→ Directions
Where the listing below has a line with "premium ocean view", write out exactly that line and every line after it, stopping after the line with "Jaguar XE 2.0 D AWD R-Sport - 15".

→ Provided records
Start of Block

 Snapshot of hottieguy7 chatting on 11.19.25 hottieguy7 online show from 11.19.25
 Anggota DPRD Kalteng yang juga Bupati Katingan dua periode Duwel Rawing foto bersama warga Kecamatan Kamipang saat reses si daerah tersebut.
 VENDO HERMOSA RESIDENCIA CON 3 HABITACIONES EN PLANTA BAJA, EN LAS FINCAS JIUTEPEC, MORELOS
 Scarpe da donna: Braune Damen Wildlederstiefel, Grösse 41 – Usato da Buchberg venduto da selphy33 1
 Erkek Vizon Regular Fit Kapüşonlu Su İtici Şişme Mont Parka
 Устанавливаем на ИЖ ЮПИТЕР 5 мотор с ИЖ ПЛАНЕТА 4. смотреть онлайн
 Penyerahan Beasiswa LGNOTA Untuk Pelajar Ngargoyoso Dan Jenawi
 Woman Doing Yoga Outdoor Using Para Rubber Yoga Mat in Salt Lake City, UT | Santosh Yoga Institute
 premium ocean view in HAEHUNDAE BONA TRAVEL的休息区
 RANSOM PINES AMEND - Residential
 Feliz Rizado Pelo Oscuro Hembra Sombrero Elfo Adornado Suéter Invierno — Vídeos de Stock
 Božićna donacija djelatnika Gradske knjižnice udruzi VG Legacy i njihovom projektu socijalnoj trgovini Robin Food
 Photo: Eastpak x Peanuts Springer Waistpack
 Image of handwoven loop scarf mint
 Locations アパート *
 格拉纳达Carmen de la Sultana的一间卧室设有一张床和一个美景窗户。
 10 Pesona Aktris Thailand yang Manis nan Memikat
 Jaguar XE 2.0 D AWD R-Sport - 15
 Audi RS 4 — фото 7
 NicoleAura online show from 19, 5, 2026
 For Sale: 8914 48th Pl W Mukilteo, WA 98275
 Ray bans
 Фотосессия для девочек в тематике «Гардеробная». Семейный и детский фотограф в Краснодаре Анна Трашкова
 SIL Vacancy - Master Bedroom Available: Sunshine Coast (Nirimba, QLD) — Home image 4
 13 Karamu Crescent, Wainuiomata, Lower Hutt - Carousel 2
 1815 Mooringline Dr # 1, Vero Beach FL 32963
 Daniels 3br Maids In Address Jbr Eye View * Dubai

End of Block

→ Solution
 premium ocean view in HAEHUNDAE BONA TRAVEL的休息区
 RANSOM PINES AMEND - Residential
 Feliz Rizado Pelo Oscuro Hembra Sombrero Elfo Adornado Suéter Invierno — Vídeos de Stock
 Božićna donacija djelatnika Gradske knjižnice udruzi VG Legacy i njihovom projektu socijalnoj trgovini Robin Food
 Photo: Eastpak x Peanuts Springer Waistpack
 Image of handwoven loop scarf mint
 Locations アパート *
 格拉纳达Carmen de la Sultana的一间卧室设有一张床和一个美景窗户。
 10 Pesona Aktris Thailand yang Manis nan Memikat
 Jaguar XE 2.0 D AWD R-Sport - 15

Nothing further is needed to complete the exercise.